Tuesday afternoon. Sunny, hot, and humid, high 80’s.

Today marks my 1000th post. I am simply agog. How did I get here? Why did I come here?

Lek Albania Note from 1949
(Did you know that Grover Cleveland is on the $1,000 US bill?

And since this particular post marks such an auspicious occasion (really?), I shall not fill it with running commentary about the ongoing plumbing saga in our sole bathroom. I shall not comment on how the attachment to the water source popped off not one but three times last night. I shall not comment on how I finally succumbed and kept the main water valve shut since last night around 10 p.m., and I shall not state that I finally gave in and called a plumber this morning, nor that I am now sitting here waiting for said plumber to arrive out our house sometime before 3 this afternoon, nor that the proposed bill will hover somewhere around the $300 mark (there go my new glasses again).

No. None of that from me.

I shall not go on and on about this situation because this is supposed to be a celebratory post.

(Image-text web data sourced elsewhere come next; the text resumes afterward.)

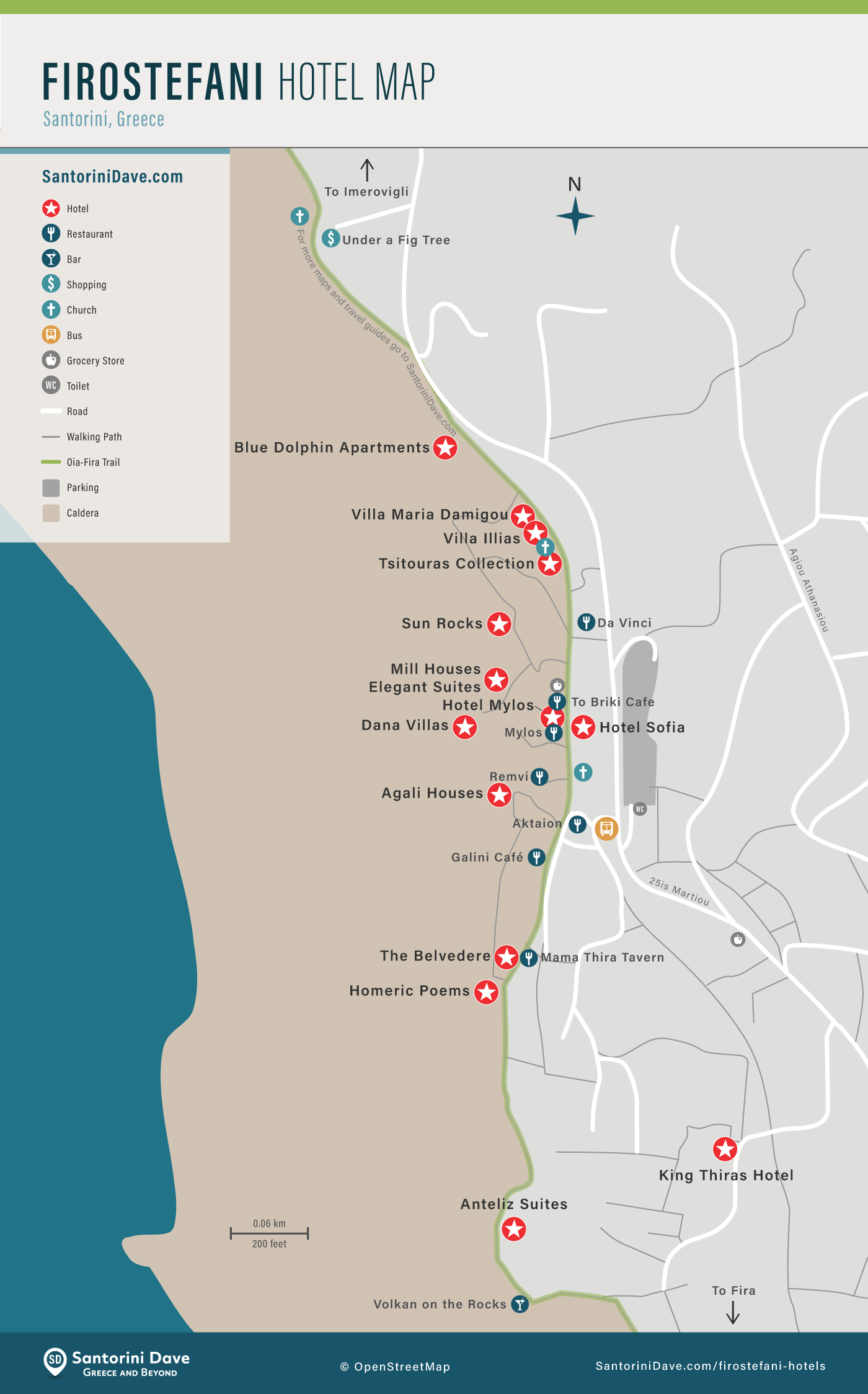 35 Maps of Santorini - Hotels, Towns, Beaches, Hikes, & Ferry Port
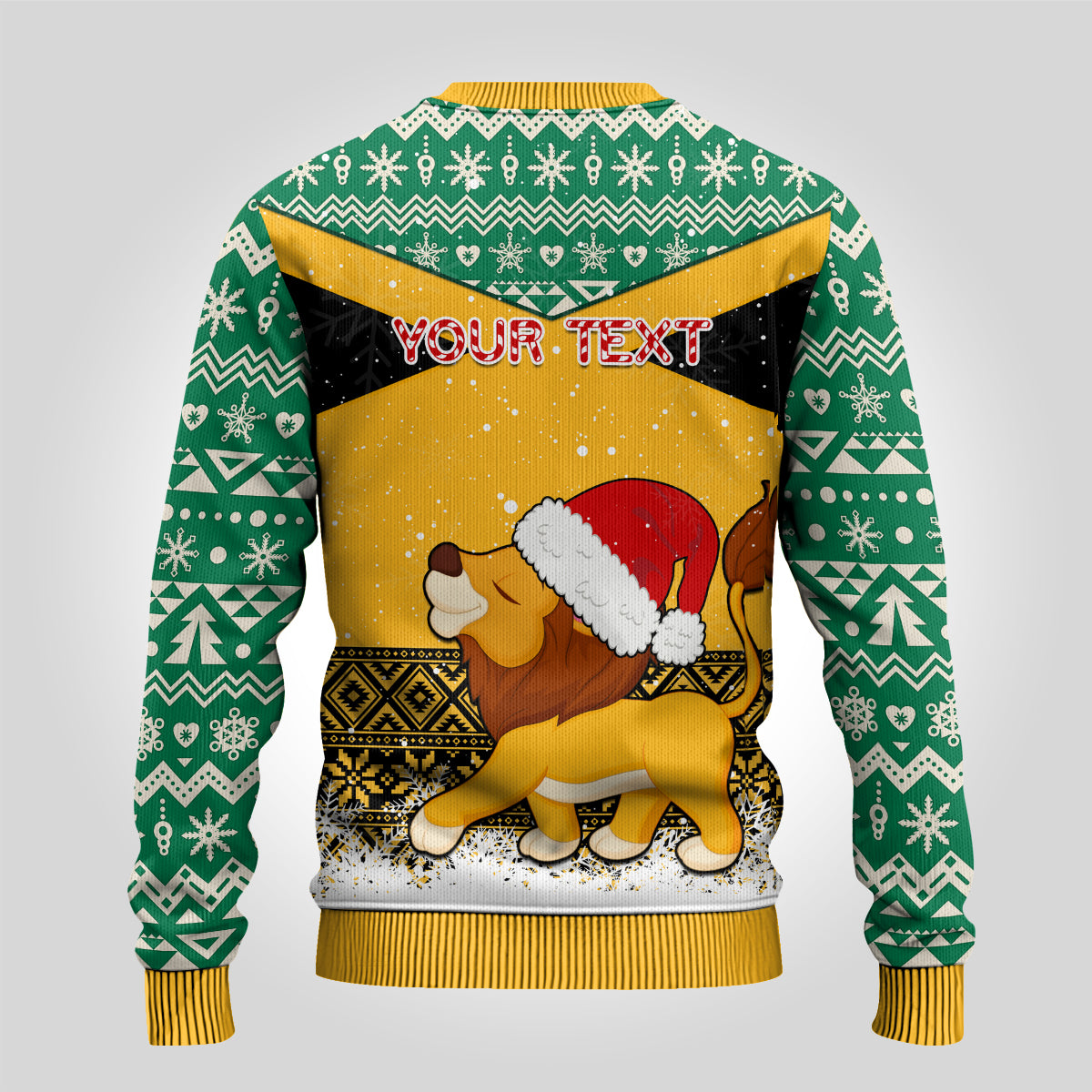 Custom Jamaica Christmas Ugly Christmas Sweater Jumieka Santa Lion - Wonder Print Shop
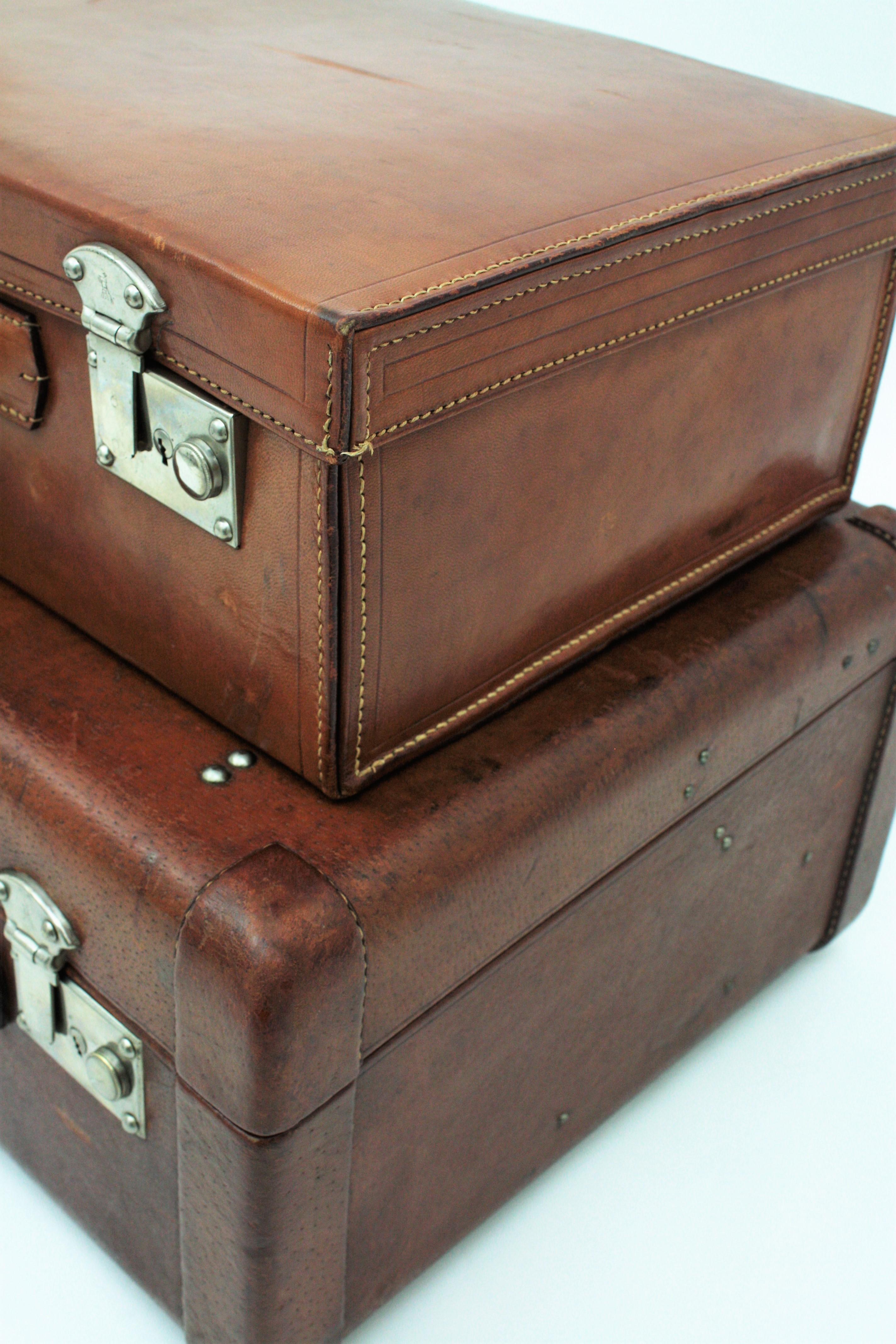 Spanish Leather Suitcases as Side Table For Sale 1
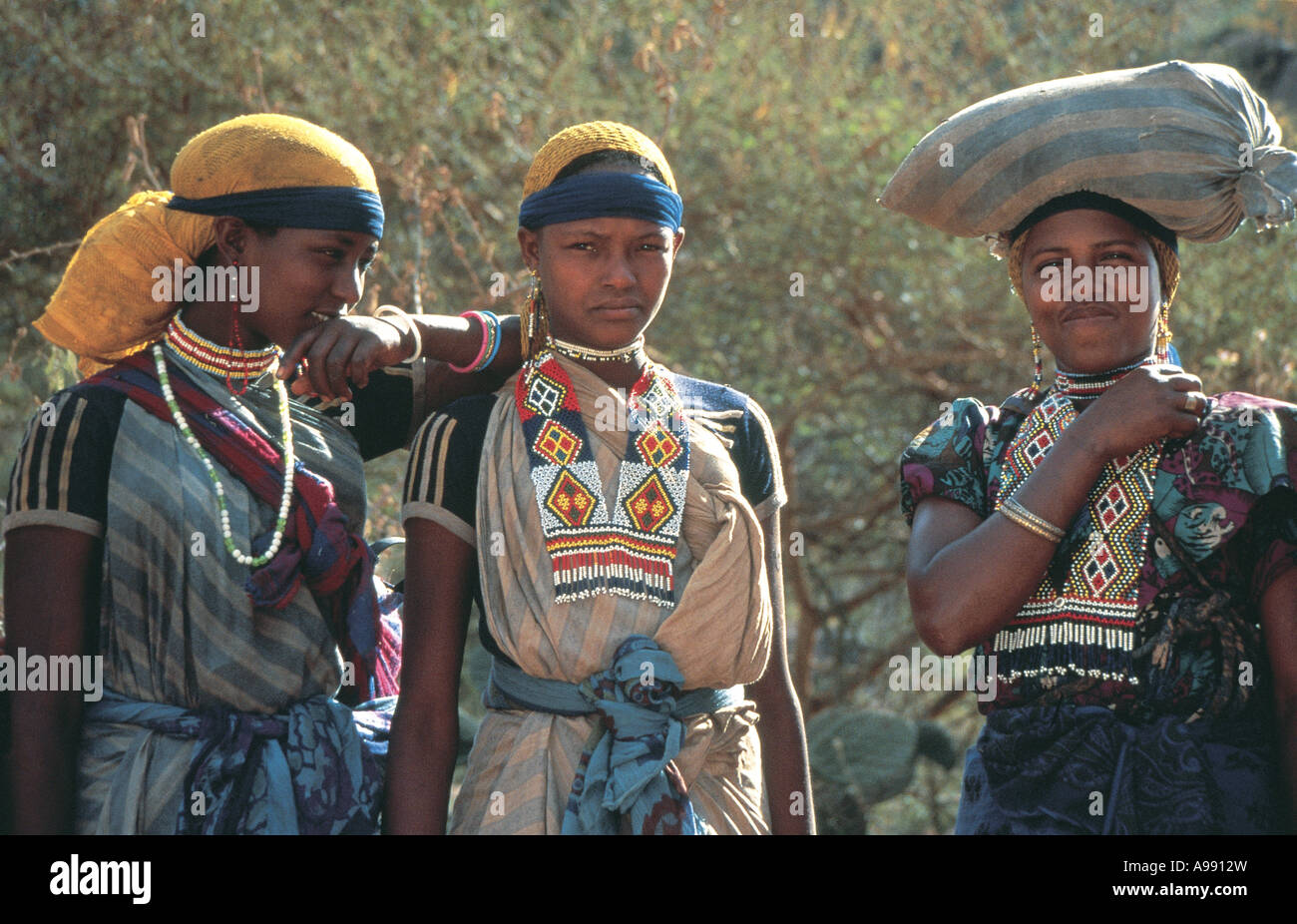 Young women in traditional dress going to market Harer Ethiopia Stock Photo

Right?

“Thought is the greatest of pleasures—pleasure itself is only imagination—have you ever enjoyed anything more than your dreams?” ~ Gustave Flaubert

So getting back to the whole concept of having posted 1,000 times—truly, it boggles the mind.

When I first began this venture in 2008, I never dreamed I would reach this milestone. I mean, I was dabbling those first six months or so. It probably took almost a year (more) to reach a format in which I truly felt comfortable: a mixing of quotes and images (loosely tied to the post section in which they appear), a related poem, and a companion song. I’m sure there are countless other people out there doing something similar to what I’m doing here, but I like to think that my combination approach gives readers a taste of what they like.

Portugal 1000 Banknote featuring Queen Filipa de Lancastre (1961)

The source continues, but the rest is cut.